(Captioned web image data)
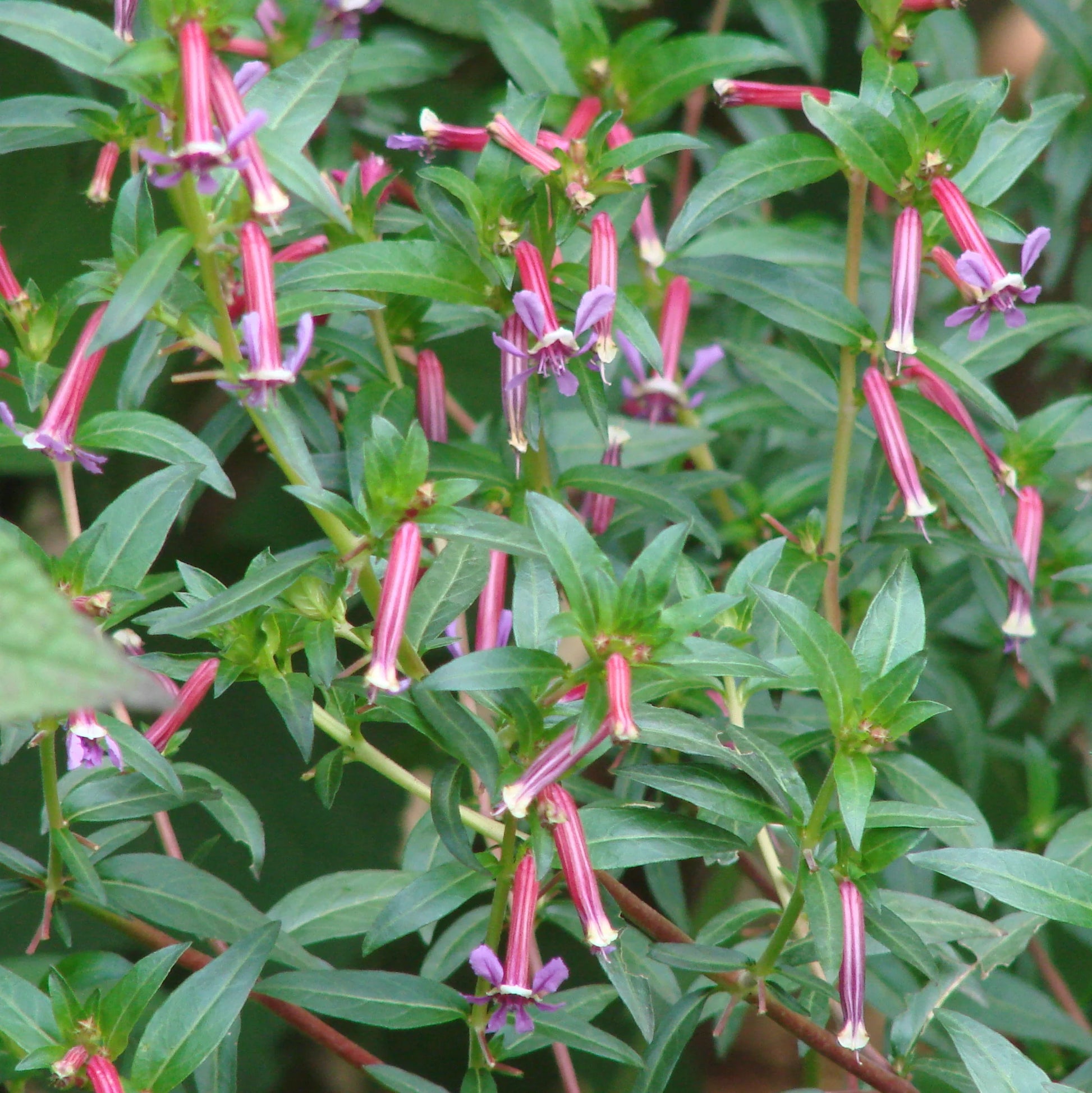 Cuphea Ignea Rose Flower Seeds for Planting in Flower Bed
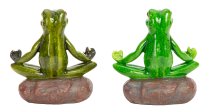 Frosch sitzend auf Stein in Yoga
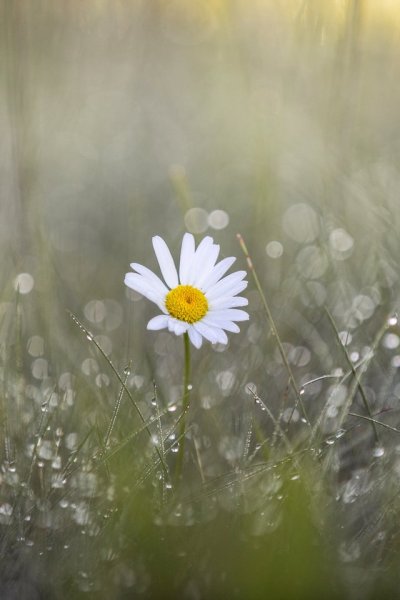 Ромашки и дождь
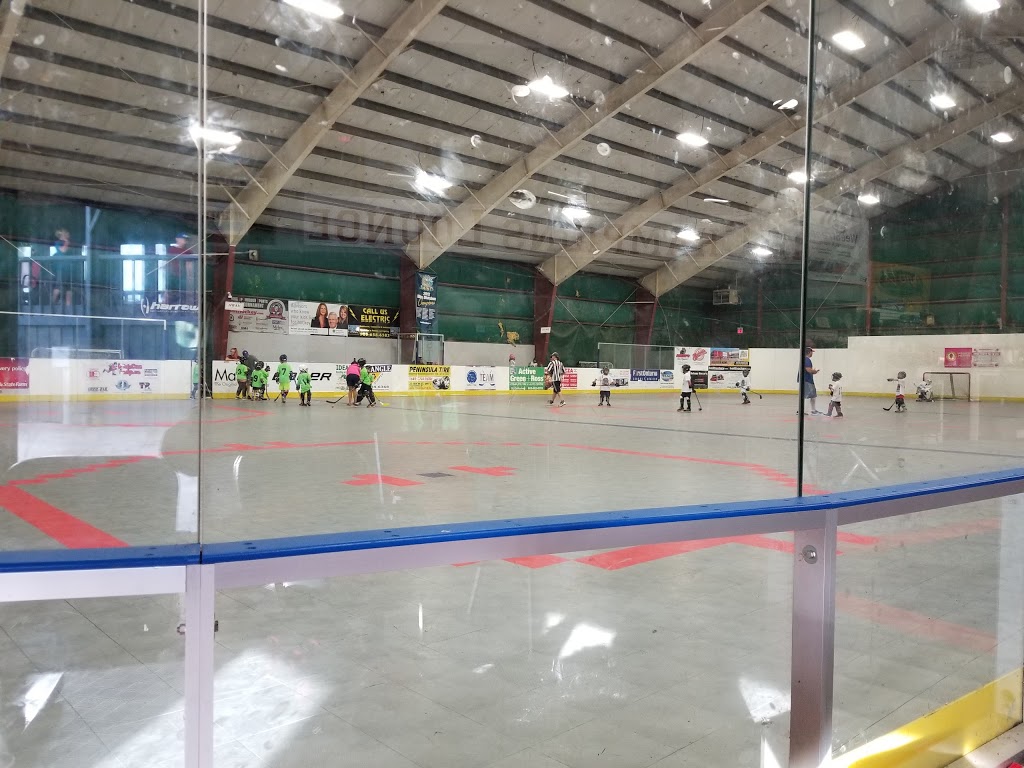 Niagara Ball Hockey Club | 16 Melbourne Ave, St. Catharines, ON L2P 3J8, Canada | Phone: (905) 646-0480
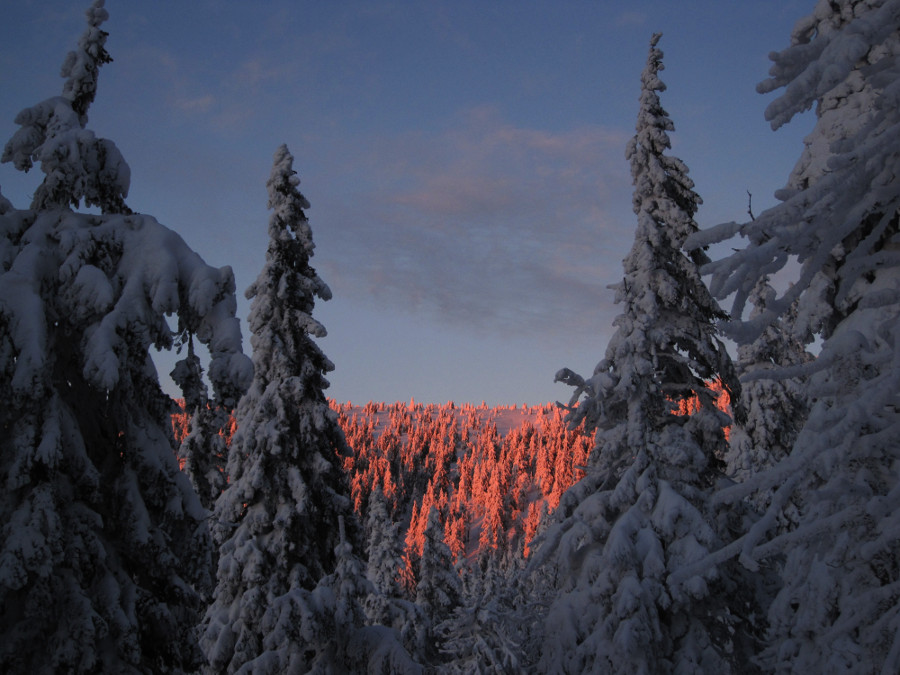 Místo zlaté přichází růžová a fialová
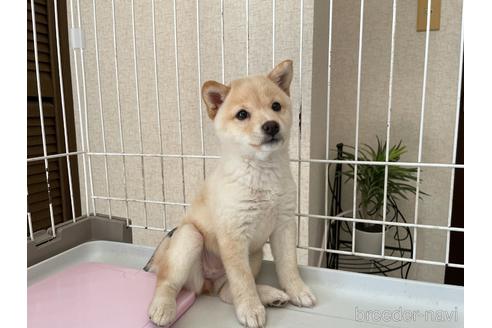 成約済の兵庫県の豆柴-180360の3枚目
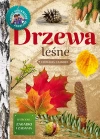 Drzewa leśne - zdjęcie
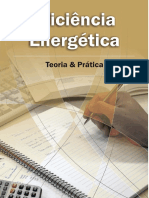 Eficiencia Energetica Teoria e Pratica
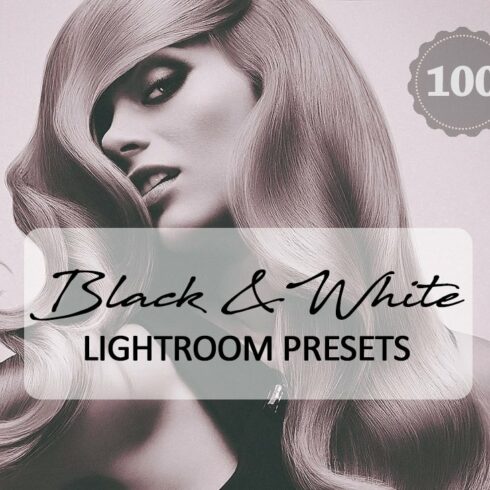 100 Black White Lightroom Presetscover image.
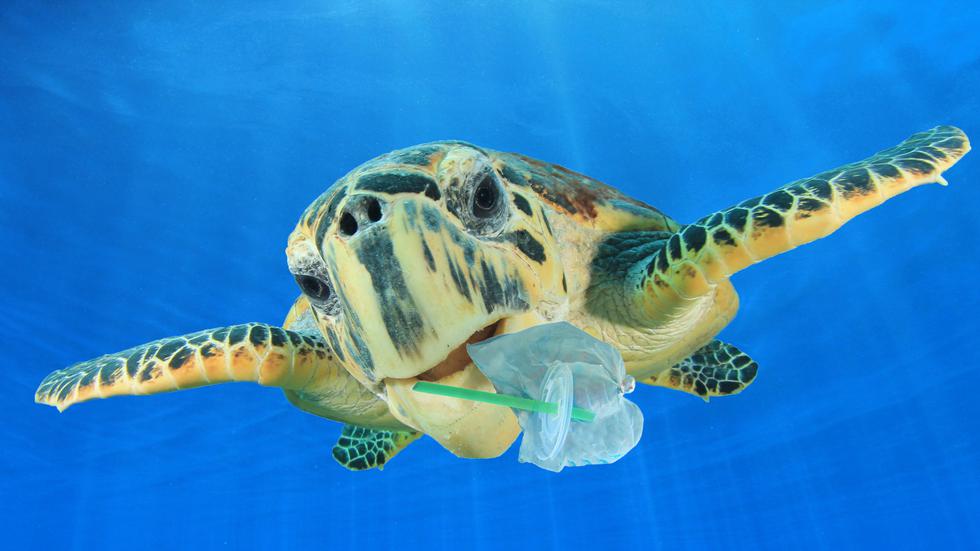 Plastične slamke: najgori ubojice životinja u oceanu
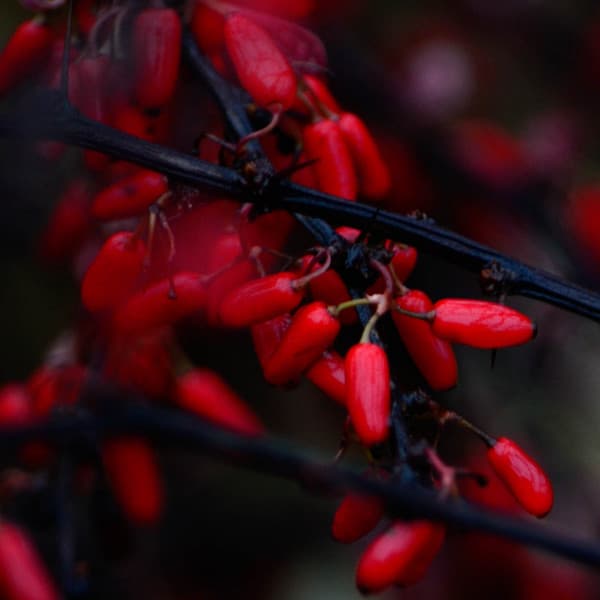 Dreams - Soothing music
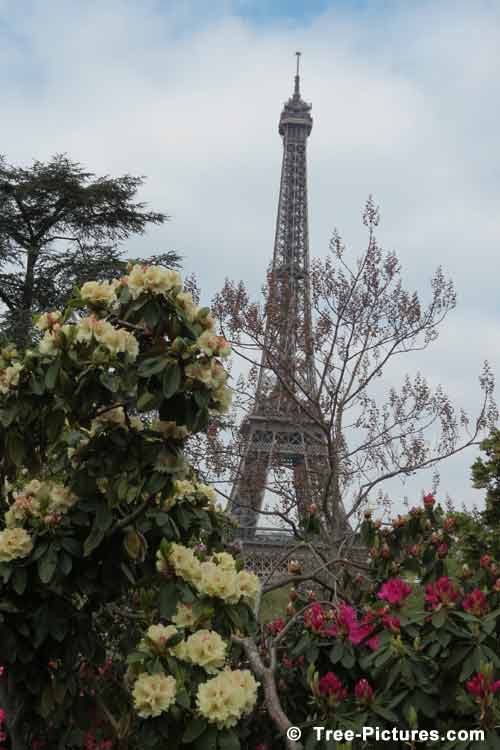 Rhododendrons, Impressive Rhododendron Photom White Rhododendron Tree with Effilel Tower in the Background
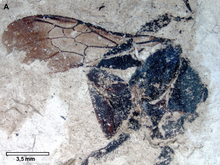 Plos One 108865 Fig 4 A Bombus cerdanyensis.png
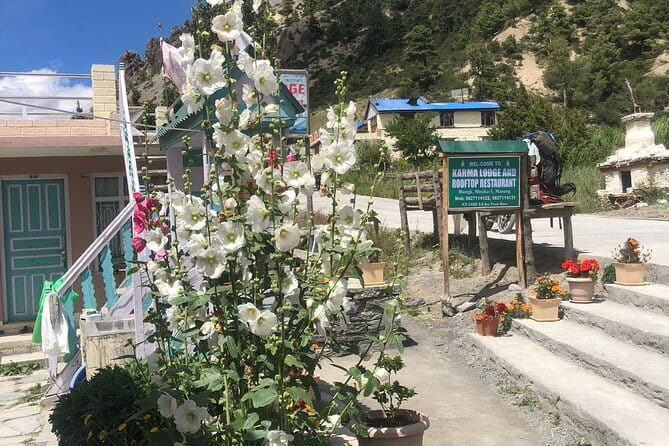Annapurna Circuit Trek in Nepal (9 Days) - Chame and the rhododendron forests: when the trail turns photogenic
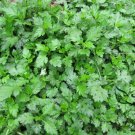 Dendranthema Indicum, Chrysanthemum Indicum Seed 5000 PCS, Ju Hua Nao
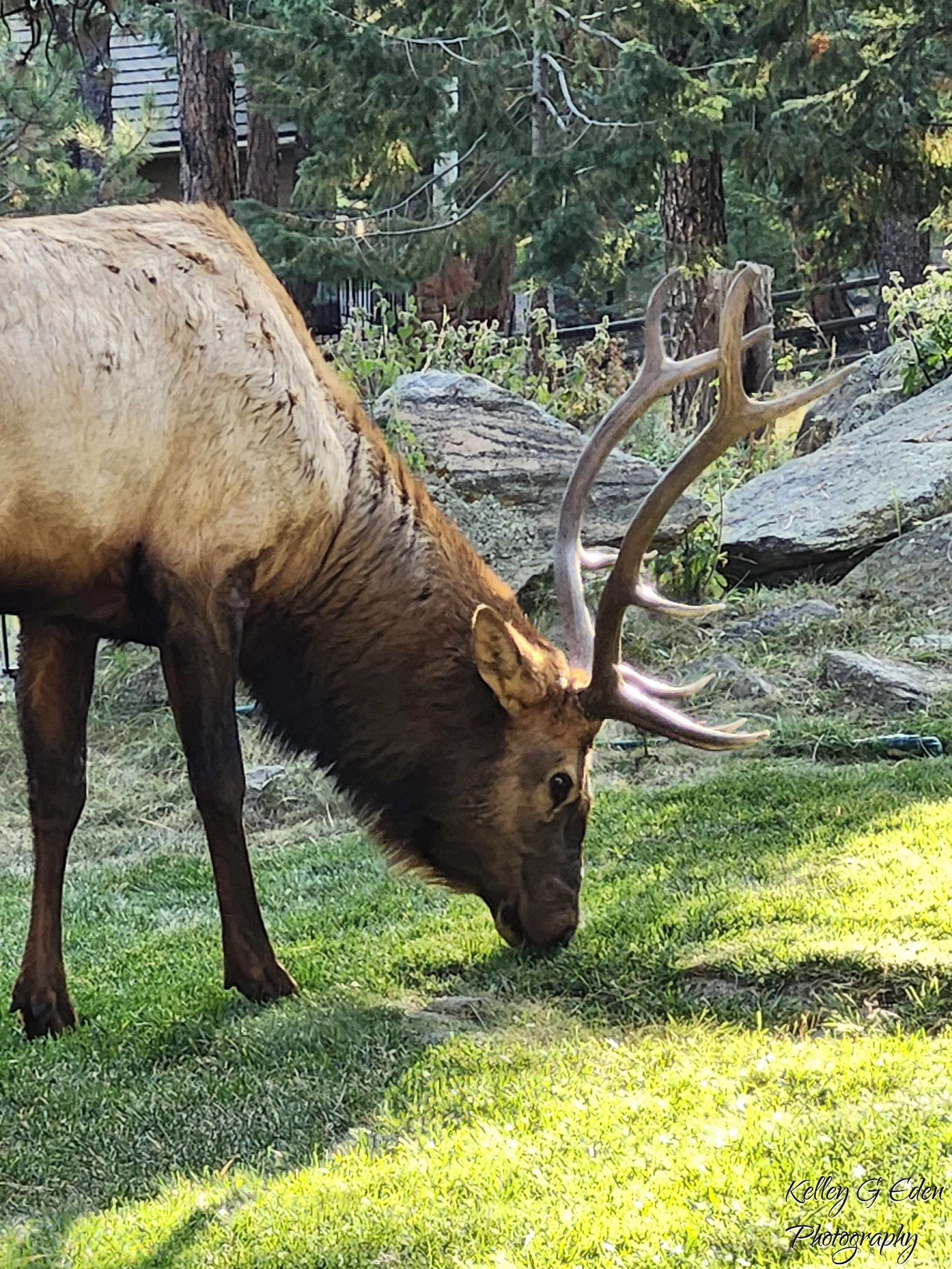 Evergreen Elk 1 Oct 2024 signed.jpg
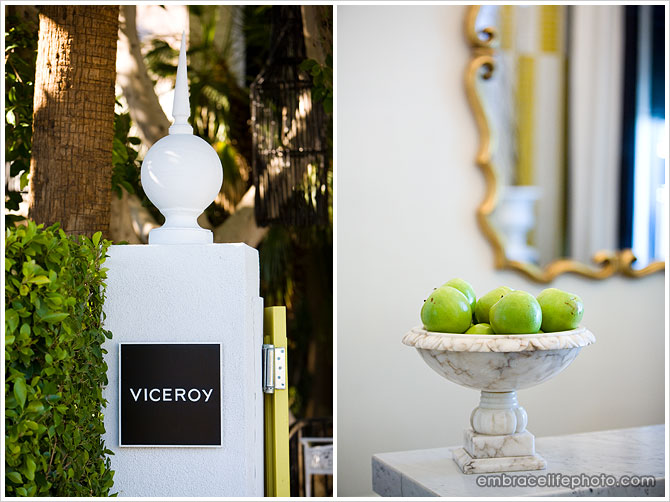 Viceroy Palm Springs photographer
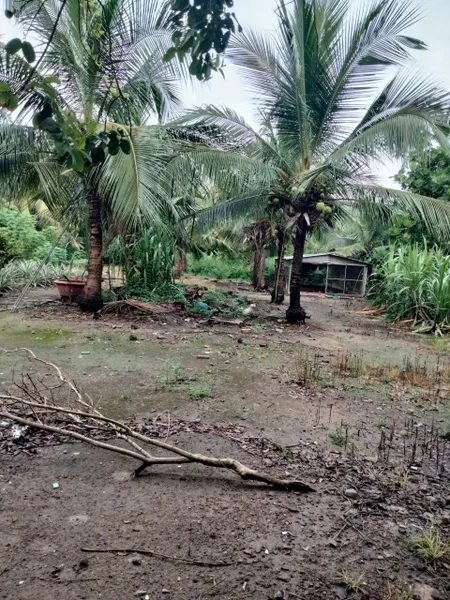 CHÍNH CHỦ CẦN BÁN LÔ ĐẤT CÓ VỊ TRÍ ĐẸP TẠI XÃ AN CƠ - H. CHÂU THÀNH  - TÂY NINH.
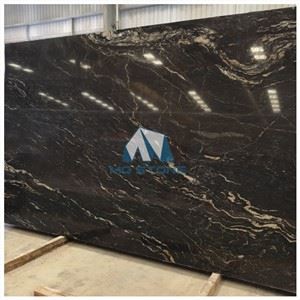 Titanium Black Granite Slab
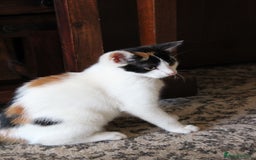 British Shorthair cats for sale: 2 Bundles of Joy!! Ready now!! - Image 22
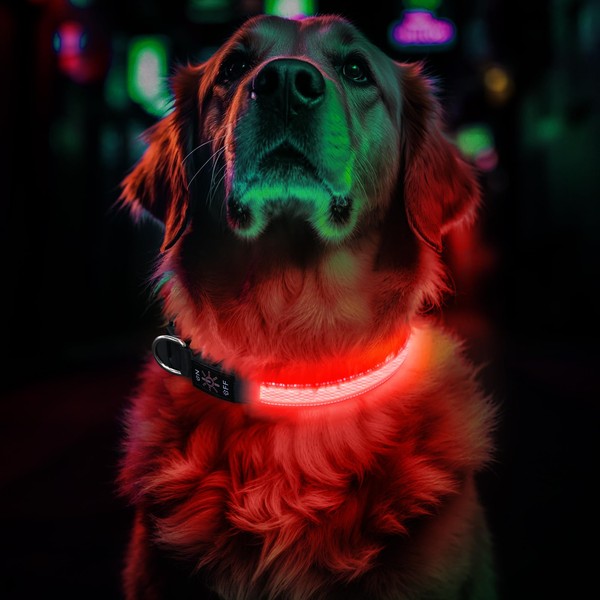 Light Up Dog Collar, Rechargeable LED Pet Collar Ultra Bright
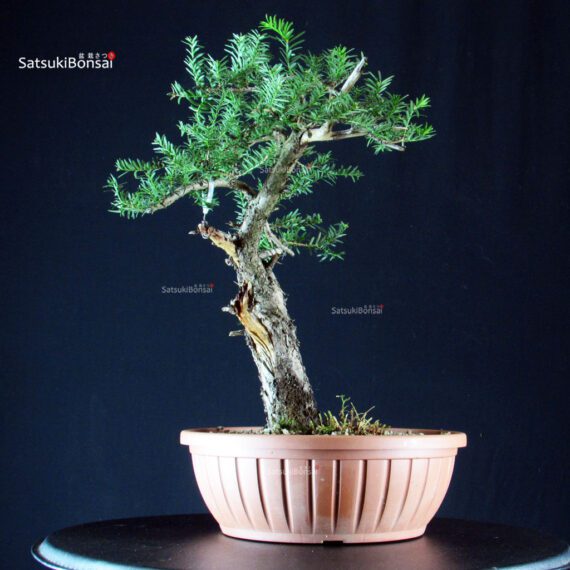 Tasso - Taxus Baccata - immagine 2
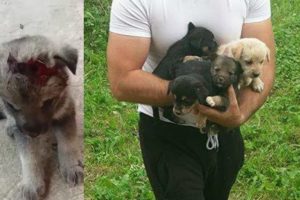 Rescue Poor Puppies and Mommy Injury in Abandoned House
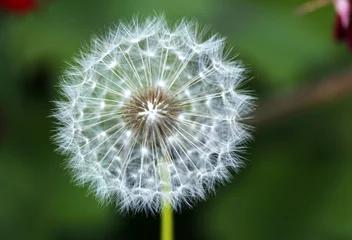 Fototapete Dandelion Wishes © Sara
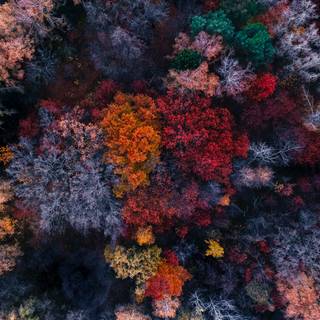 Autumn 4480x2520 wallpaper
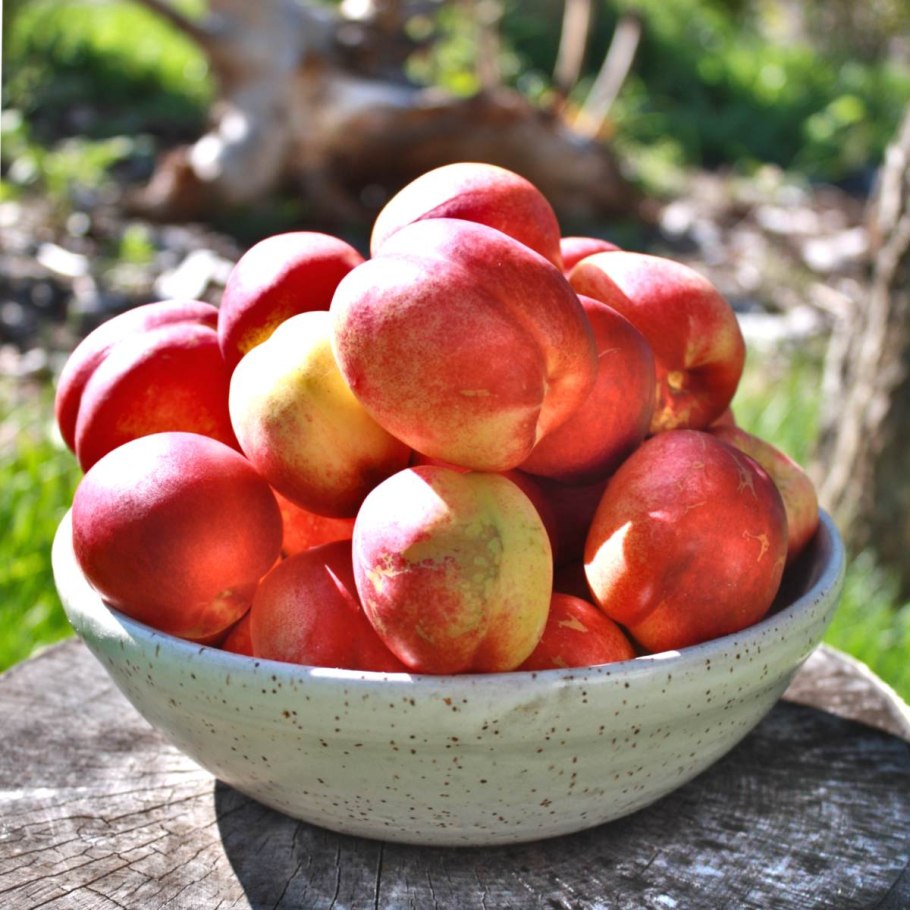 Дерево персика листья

TASK DESCRIPTION: Can the lines from the one with "Autumn 4480x2520 wallpaper" to the end of the records above be quoted exactly, both ends included, with every picture omitted?

WRITTEN REPLY:
 Autumn 4480x2520 wallpaper
 Дерево персика листья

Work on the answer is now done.